Deutlich erkennbare Vogelstimmen treten erstmals in dem kurzen, in einem seltsam schleppenden Rhythmus hinkenden „Mating Call“ auf den Plan, wo sie sich sanft und verhuscht in mysteriöse Rückwärtspassagen einweben. In dem folgenden Track, der von „zwei kleinen Spatzen, die auf einem Zweig sitzen und auf die Erleuchtung warten,“ kündet, erinnern sie eher an übermütige Spechte.

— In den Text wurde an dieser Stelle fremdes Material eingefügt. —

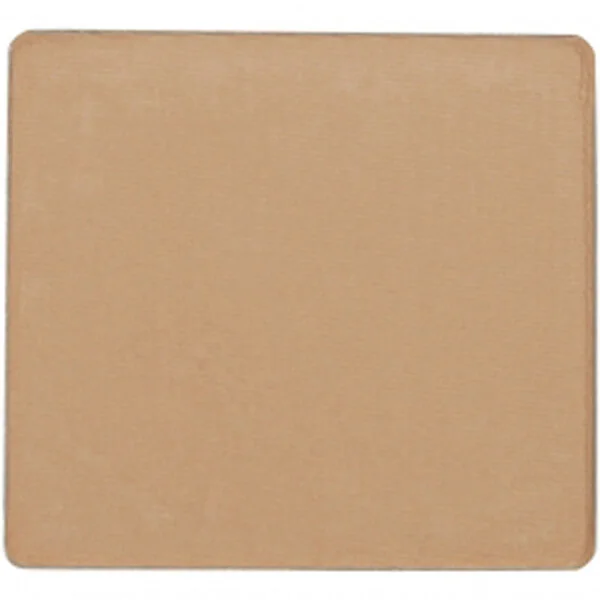 Aveda Inner Light Dual Foundation Refill Spf12 - 01 Cream (7g) Afbeelding 1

Weiter geht es durch noisige Gefilde, in denen man nicht mit dem Klang orientalischer Flöten gerechnet hätte, hin zu einer Urwald-Kulisse, in der ekstatische Perkussion und tremolierende Stimmen wie das Echo eines schamanischen Rituals wirken. „The One with the Iron Beak“ ist das letzte Stück betitelt, und wieder beschleicht einen der Verdacht, dass all die tiefschürfenden rituellen Elemente, die ebenso wie rhythmische und melodische Pop-Ansätze um jede zweite Ecke lugen, zwar auch, aber nicht nur mit erhabenem Ernst eingebracht werden.
Das Album erschien jüngst bei Boring Machines als LP mit achtseitigem Booklet und ist darüber hinaus natürlich in den üblichen digitalen Formaten zu ergattern. (U.S.)